Berikutnya ada mantan striker Manchester United, Dimitar Berbatov. Sukses kantongi lebih dari 20 gol tiap musim, Berbatov gagal meraih gelar apapun. Dengan begitu, dirinya pun pergi mencari tantangan baru ke klub Premier League, Tottenham Hotspurs. Bermain di Tottenham, Berbatov berhasil menyumbang trofi Carabao Cup dan meneruskannya dengan trofi Premier League bersama klub berjuluk Setan Merah.
Lalu, ada nama gelandang super tangguh, yaitu Arturo Vidal. Keberadaan Arturo Vidal di kubu Neverkusen mungkin tak terlalu disadari oleh sebagian pihak. Namun kegemilangannya dalam klub tersebut berhasil menarik minat raksasa Italia, Juventus. Sama sekali tidak berbekal trofi apapun dari Jerman, Vidal menjelma menjadi salah satu gelandang terbaik dunia setelah menyumbangkan empat gelar scudetto.
Setelah berhasil menonjol di tanah Italia, Vidal kembali ke Jerman untuk mengangkat trofi Bundesliga. Namun kali ini bukan bersama Leverkusen, melainkan dengan FC Bayern.
Selain pernah memiliki gelandang berkualitas seperti Vidal, Leverkusen juga pernah miliki gelandang berbakat lainnya, Toni Kroos.
Satu trofi Piala Dunia, 3 trofi Bundesliga, 4 trofi Liga Champion, itulah raihan prestasi Toni Kroos, tanpa pernah mengangkat trofi dengan seragam Leverkusen. Meski hanya jalani masa pinjaman ke Bay Arena, 18 bulannya di Leverkusen menjadi masa krusial bagi Kroos. Dia menjalani debutnya di Bundesliga saat baru berumur 17 tahun. Dia mencetak 9 gol, 12 Assist dari 33 penampilan Bundesliga musim 2009/10 bersama Leverkusen. Kemudian ketika kembali ke Bayern, Kroos menjelma menjadi salah satu maestro lini tengah yang menakutkan.

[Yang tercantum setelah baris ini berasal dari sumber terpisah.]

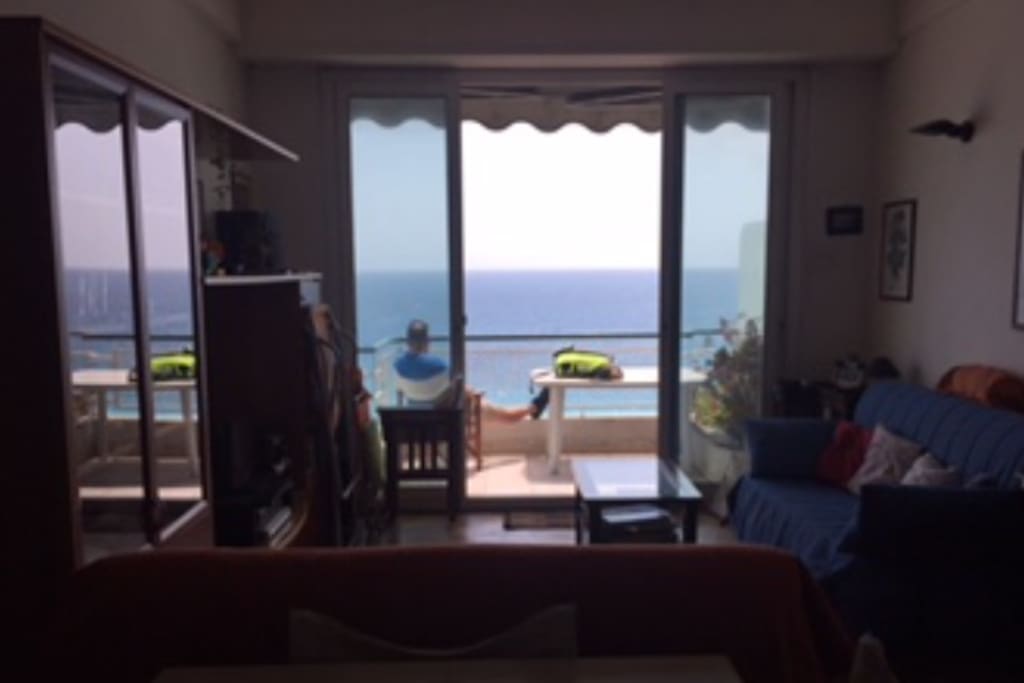 view from the living room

Satu nama bintang terakhir tentunya adalah Son Heung Min. Meski hanya dua musim jalani musim di Bayer Leverkusen, Son Heung Min bermain cukup apik hingga menarik minat sejumlah klub. Di Jerman, ia mencetak 29 gol. Padahal posisinya bukanlah sebagai penyerang murni.
Bermain di salah satu kompetisi terbaik dunia, Son langsung tunjukkan kualitas. Kini, ia menjadi salah satu penggawa terbaik Tottenham dan merupakan salah satu penyerang kelas wahid di dunia.
Nama lain yang cukup membuat takjub adalah Hakan Calhanoglu dan Arkadiusz Milik. Mantan kedua pemain Leverkusen itu sekarang menjadi bintang di kompetisi terbaik sepakbola Italia, Serie A.
Tak ketinggalan pemain seperti Bern Leno, Andre Schurrle, Emre Can, Domagoj Vida, hingga Dani Carvajal yang juga turut menjadi alumni terbaik klub berjuluk Der Werkself.
Tampaknya, tradisi dalam menjadi batu loncatan membuat Leverkusen sulit untuk berkembang. Mereka tidak benar-benar mampu memanfaatkan talenta terbaiknya hingga terbuang sia-sia. Bayangkan jika semua pemain tersebut bisa dipertahankan oleh klub. Kemungkinan, Leverkusen bisa meraih mimpi untuk mengangkat trofi Bundesliga pertamanya.